Governance of rangeland in Bhutan: Institutions and policy initiatives
Pastoralism volume 13, Article number: 20 (2023)
High-altitude rangelands support the economies of mountain communities in the Himalayas. This article highlights institutions and policy initiatives for good governance of rangelands in Bhutan and draws lessons from previous efforts to mainstream rangeland development. Both formal and informal institutions support the rangeland governance in Bhutan. The article elaborates on critical rangeland-related amendments to the Bhutanese Land Act. Rangeland stewardship and access rights are outlined, along with alternative governance approaches that rely on pastoralists’ traditions and indigenous knowledge. It highlights concerns and disputes about using and managing rangelands and explains traditional institutions and practices of conflict resolution. The article’s final section discusses the challenges of rangeland governance and the aspirations of herding communities under the new Land Act. Rangeland owners have reconciled with the amendments to the Act. They are willing to work with the government to implement the Act’s provisions and bring the desired reforms in rangeland governance.
Rangelands are understood as regions of the world’s terrain unsuited for cultivation due to physical limitations, low and erratic precipitation, rough topography, poor drainage, or extreme temperatures, but are a source of forage for free-ranging animals as well as a source of wood products, water, and wildlife (Stoddart et al. 1975). For centuries, pastoralists adopted strategies to carve a livelihood by transforming the extensive marginal rangelands into economically productive areas (Mishra et al. 2010). The household economies are sustained even today through the efficient utilization of grassland resources by high-altitude livestock species, from camelids in the Andes to yak (Bos grunniens) in the Himalayan rangelands (Wangchuk and Wangdi 2015).

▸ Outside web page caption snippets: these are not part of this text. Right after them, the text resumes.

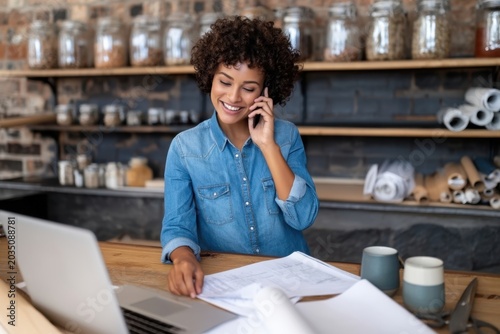 The woman running a small creative studio smiling while working on laptop and phone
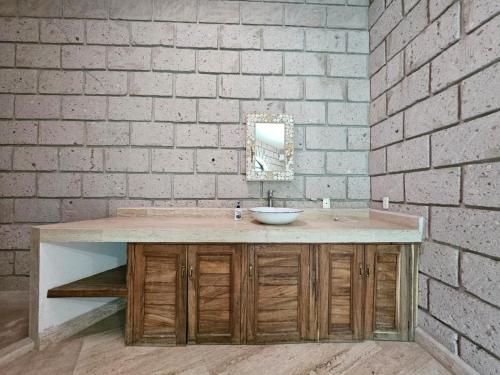 Un baño con lavabo y pared de ladrillo. en Finca Agua Salada, en Xochitepec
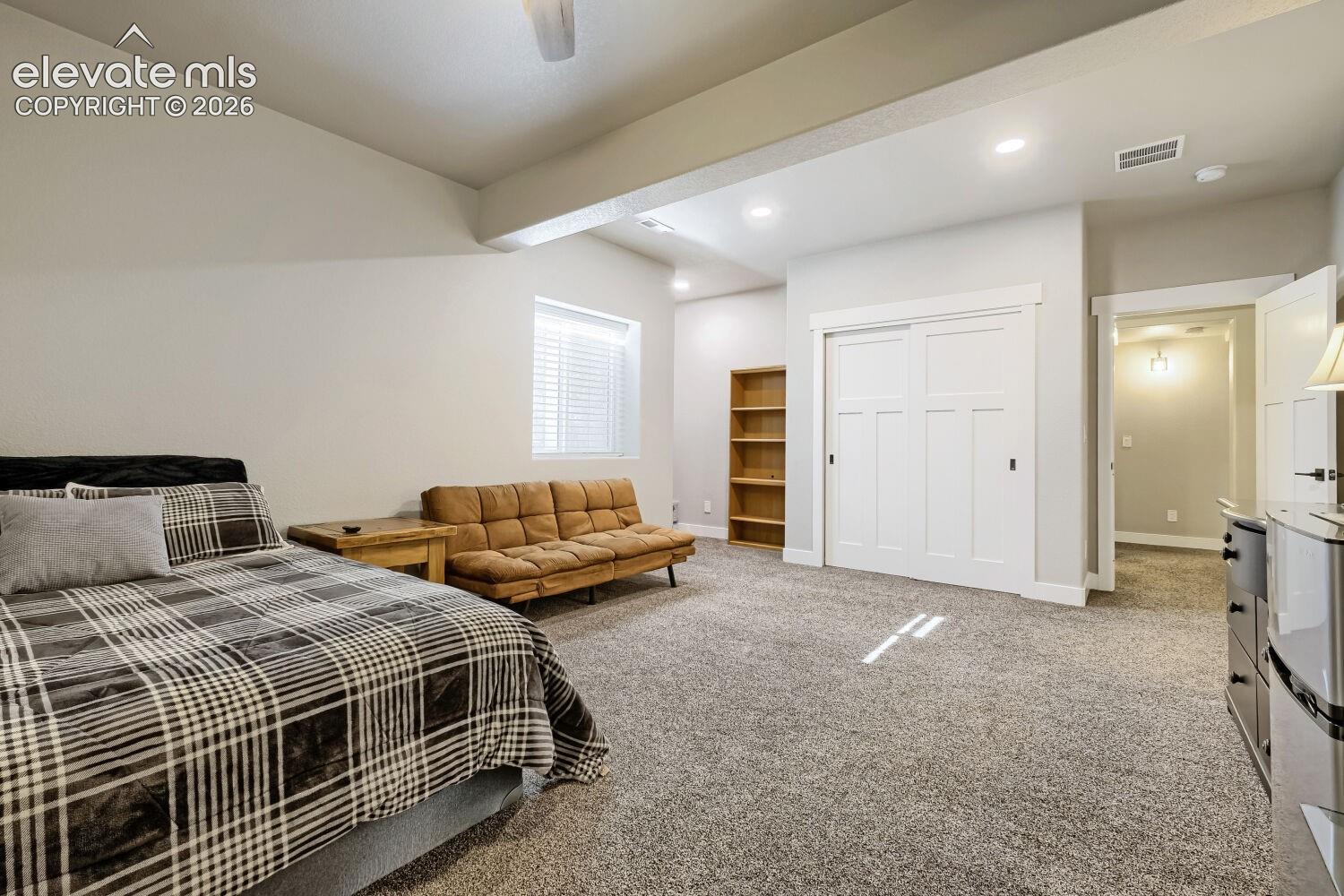 Recessed lighting, wood-finish shelving, textured carpeting, sliding panel closet doors, and overhead lighting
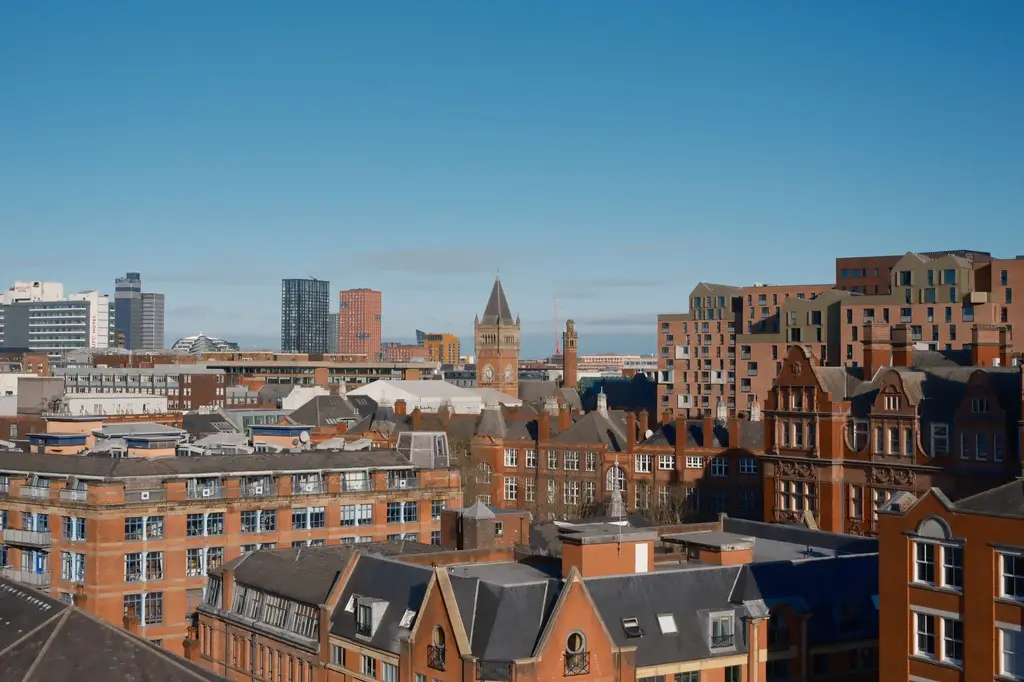 Manchester: A vibrant view of Manchester showcasing modern and classic architecture under a clear sky.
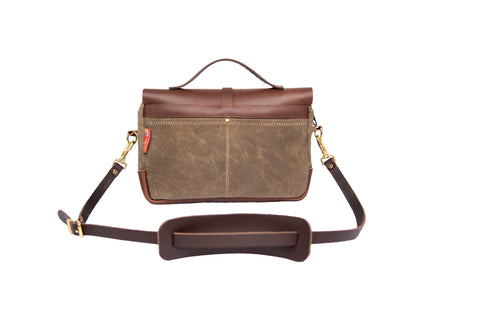 Premium leather shoulder strap and two slide pockets on the back of the bag.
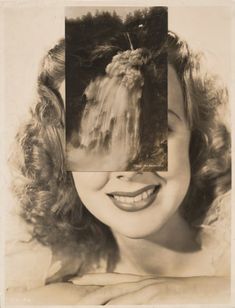 an old black and white photo of a woman's face with her hair pulled back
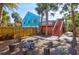 View of the backyard, showcasing the elevated deck, stairs, and a stone fire pit area at 5 25Th Ave, Isle of Palms, SC 29451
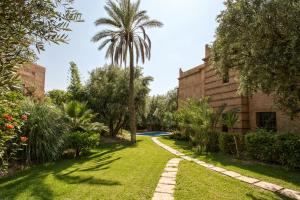ogród z palmą i budynek w obiekcie Villa Touareg Domaine des Kasbahs w Marakeszu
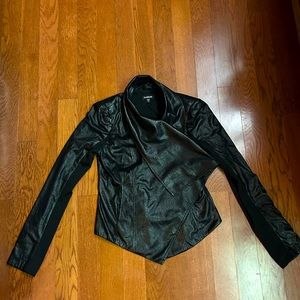 Bebe black vegan leather jacket. Criss cross style closure. EUC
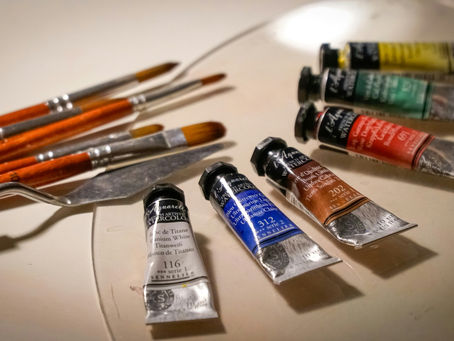 a display of paint brushes and paints for acrylic painting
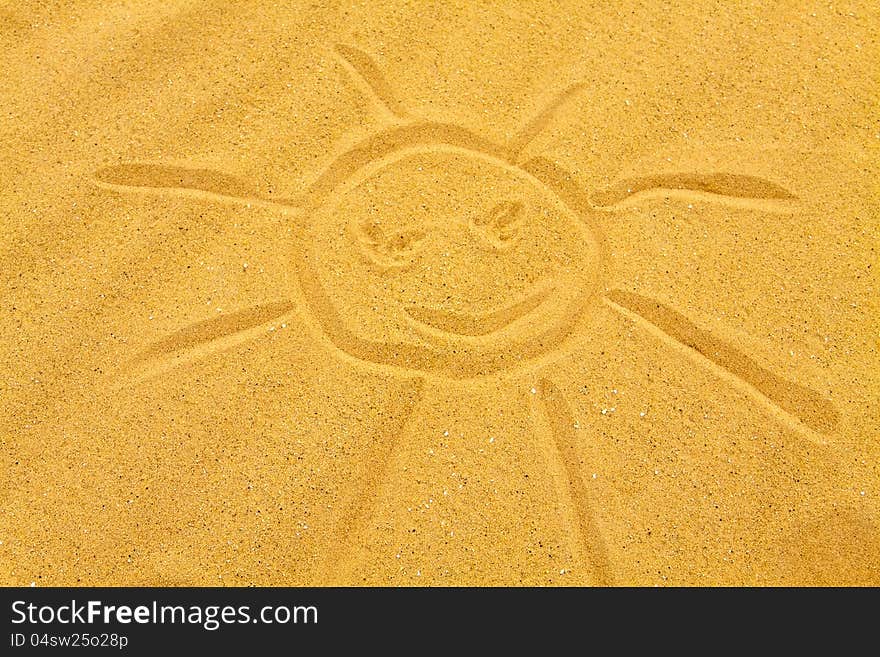 Simple sun drawn on a sandy beach. Simple sun drawn on a sandy beach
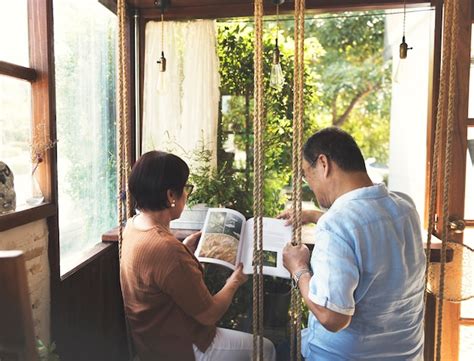 Premium Photo Happy Black Couple Reading A Book At Home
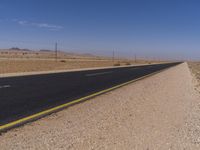 there is a dirt road going through the desert to the horizon, there is no one running on the paved side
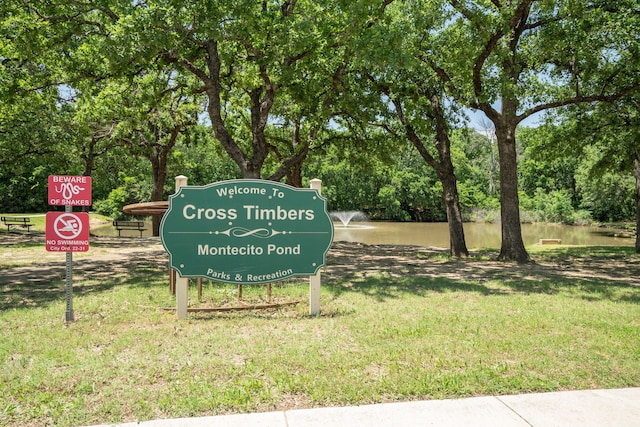 community sign with a water view and a lawn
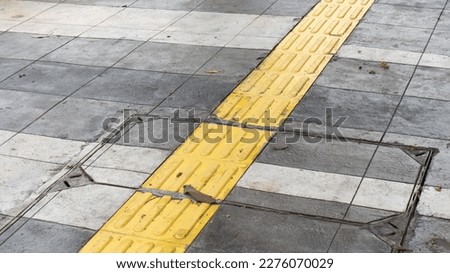 Special yellow lane for pedestrians with disabilities.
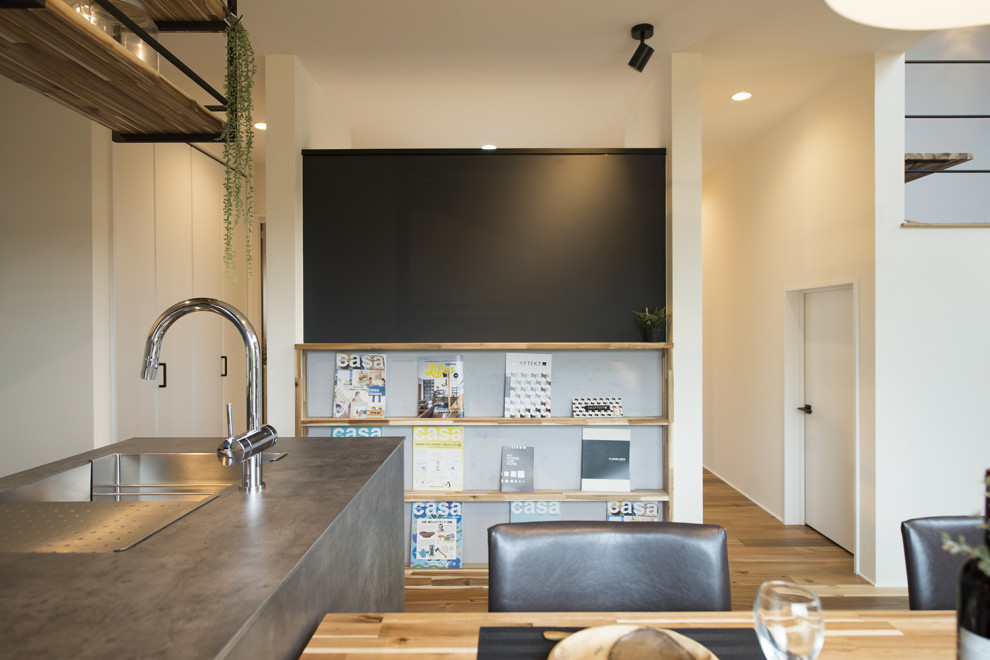 Industrial Lesezimmer mit schwarzer Wandfarbe, dunklem Holzboden, Einbau-Schreibtisch, braunem Boden, Tapetendecke und Tapetenwänden in Sonstige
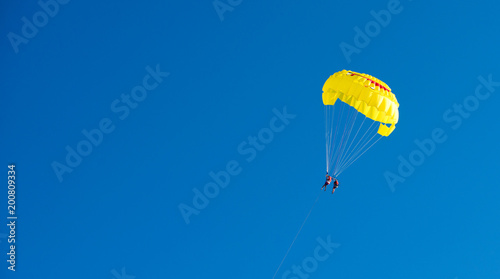 yellow parachute flight. A parachute with a smile. Rest on the water. Journey through the sky. Active time at the resort. Beach entertainment.
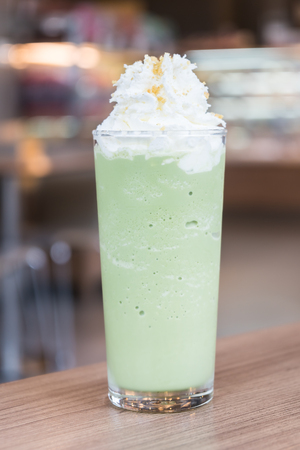 Iced green tea smoothie on tableの写真素材
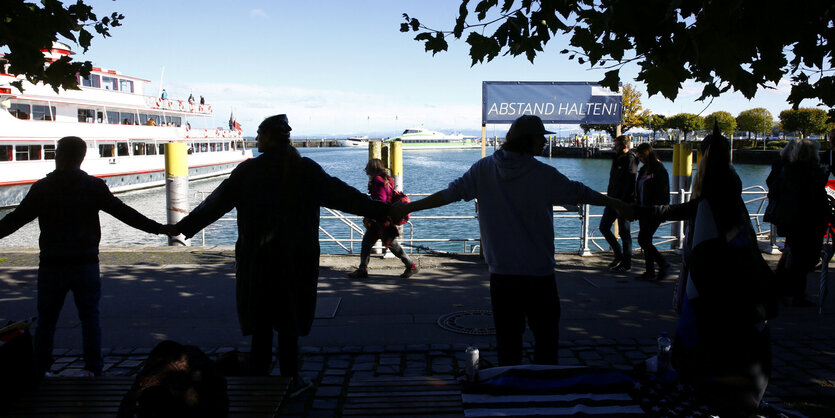 Menschen halten sich an den Händen, im Hintergrund der Bodensee und ein Schild mit der Aufschrift "Abstand halten".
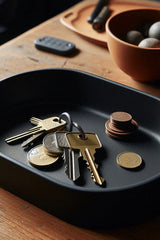 Overhead view of oval catch-all tray in natural light, showing its clean edges and curved form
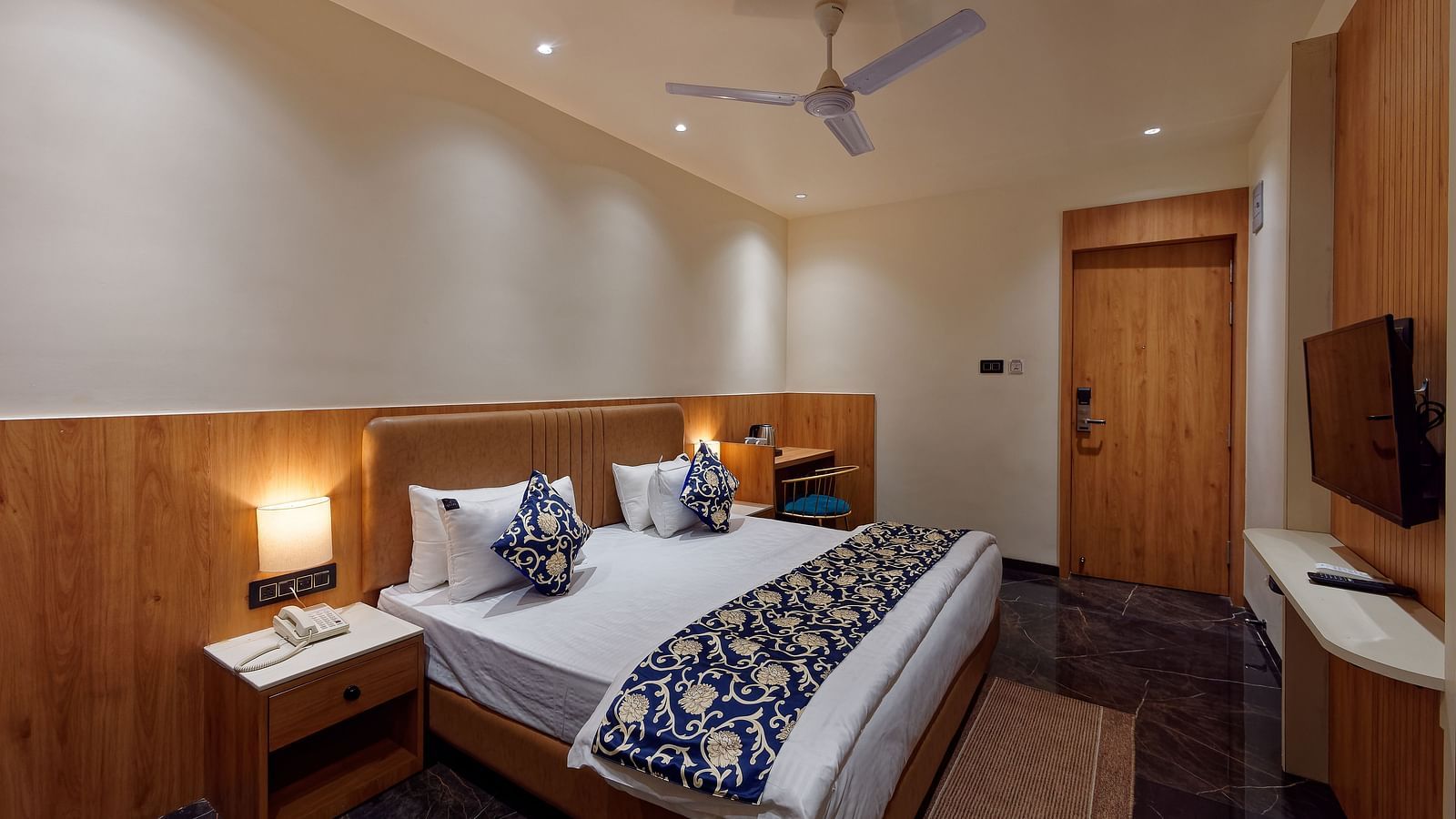 Image of a studio room with a bed with a table on the side of the bed and a television in front Image of a bed with table and chair on the side of the table and a fan on te ceiling at Ankit Hotel, Jabalpur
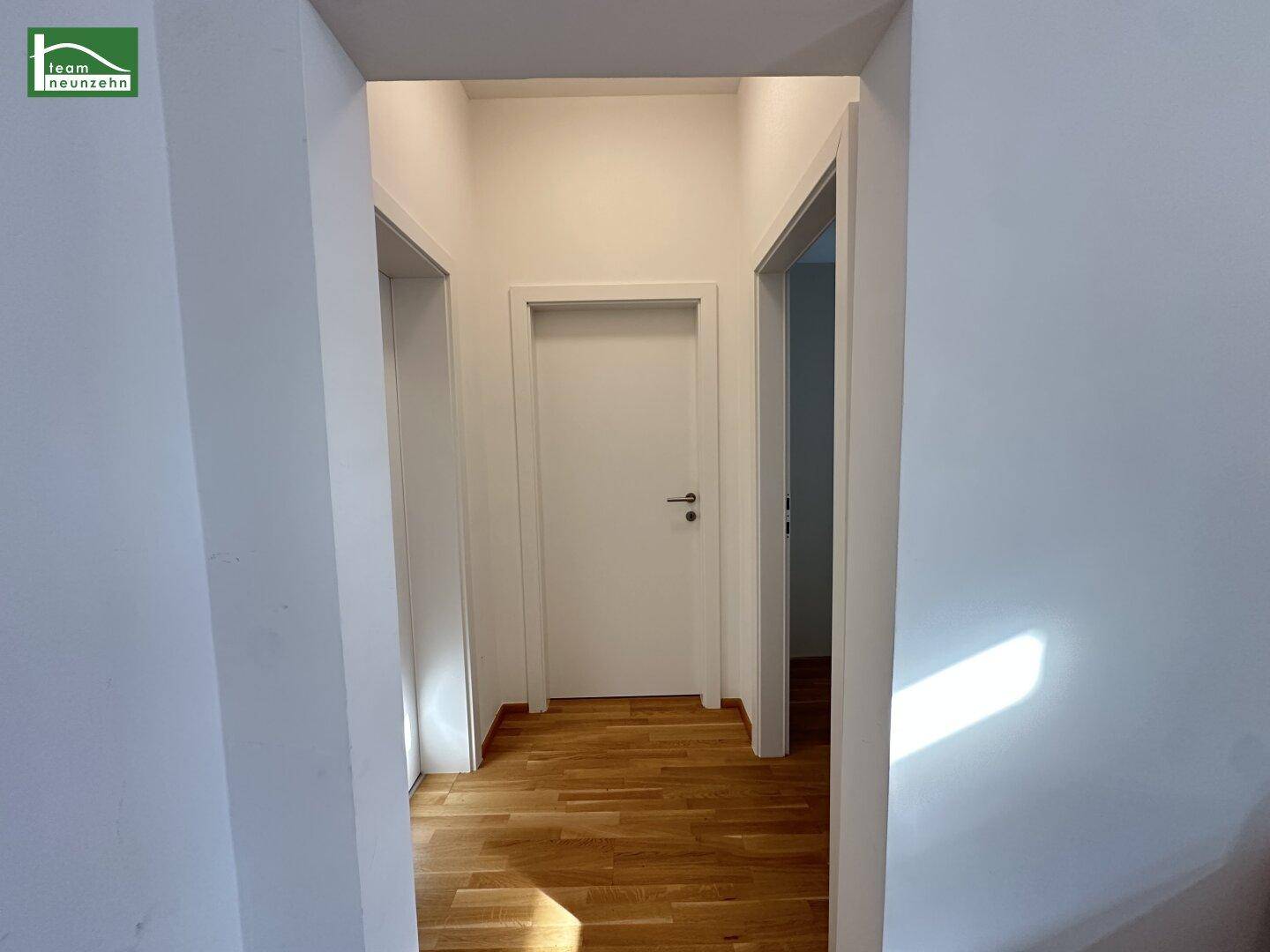 Heller Flur mit Holzboden und mehreren Türen, die zu den angrenzenden Räumen führen.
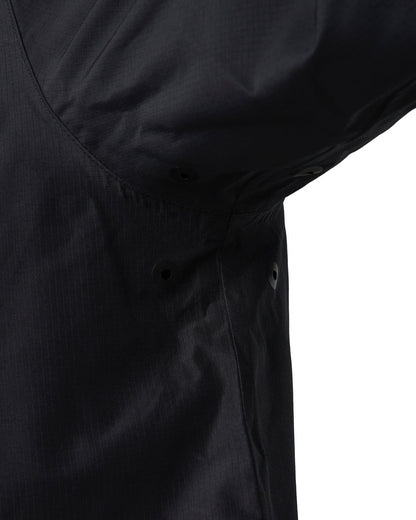 Detail of a black jacket showing underarm eyelet vents and taped seams.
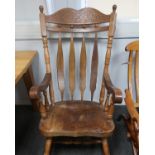 A 20th century part oak and elm Windsor style slat back rocking chair, with later replacement top,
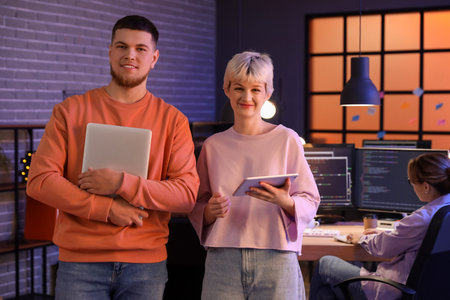 Young programmers with gadgets in office at night
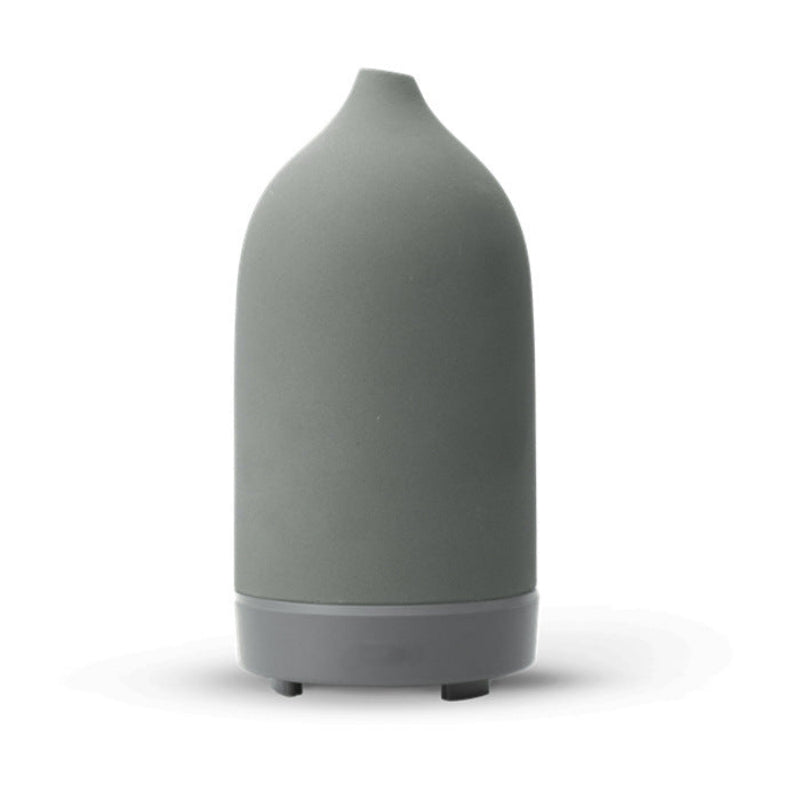 Ceramic aroma diffuser in gray, tall tapered bottle with silver ring and feet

Rangeland sustainability, however, depends on herding practices and access to resources, for which communal management has always been vital. Rangeland communities have negotiated over centuries in utilizing common resources and given rise to social norms, rules, and regulations on using rangeland resources. Hence, the governance of rangelands is critical for the pastoralists’ future and the benefits they provide in climate change mitigation, biodiversity conservation, and protection of watersheds (Herrera et al. 2014). Although there are different interpretations according to the needs of institutions and individuals, governance from the rangeland context essentially refers to the rules, institutions, and processes that determine the use of rangeland resources and how laws and regulations are developed and enforced (Herrera et al. 2014).
In Bhutan, a nation in the eastern Himalayas, rangeland is synonymous with the term Tsamdro and includes grassland and forest pastures (Wangda 2017; Dorji 2013; Gyamtsho 2000). Rangeland occupies over 6037 km2 of the total land in Bhutan, including high-altitude rangeland and forested areas from alpine to sub-tropical zones (Fig. 1) (Wangda 2017). The high-altitude rangelands are found between 3000 and 5000 m above mean sea level, temperate rangelands within an altitude range of 1500 to 3000 m, and sub-tropical rangelands below 1500-m altitudes (Dorji 2013). Rangelands fulfil about half of the fodder supplies to meet national fodder demand (Roder et al. 2001) and support pastoralists’ livelihoods whose economies primarily depend on livestock herding. Hence, the sustainability of rangeland is founded on its governance that relies on pastoralists’ indigenous knowledge and institutions. To meet the modern needs of pastoralists for equity and access in the use of rangelands, the Royal Government of Bhutan introduced policy changes in 2017 to strengthen the governance of rangelands. The Royal Government of Bhutan took a historic step to revise the Land Act. The government initiated drastic changes in the ownership and management of rangelands, making pastoralism an attractive opportunity for employment for the new generation of Bhutanese youth.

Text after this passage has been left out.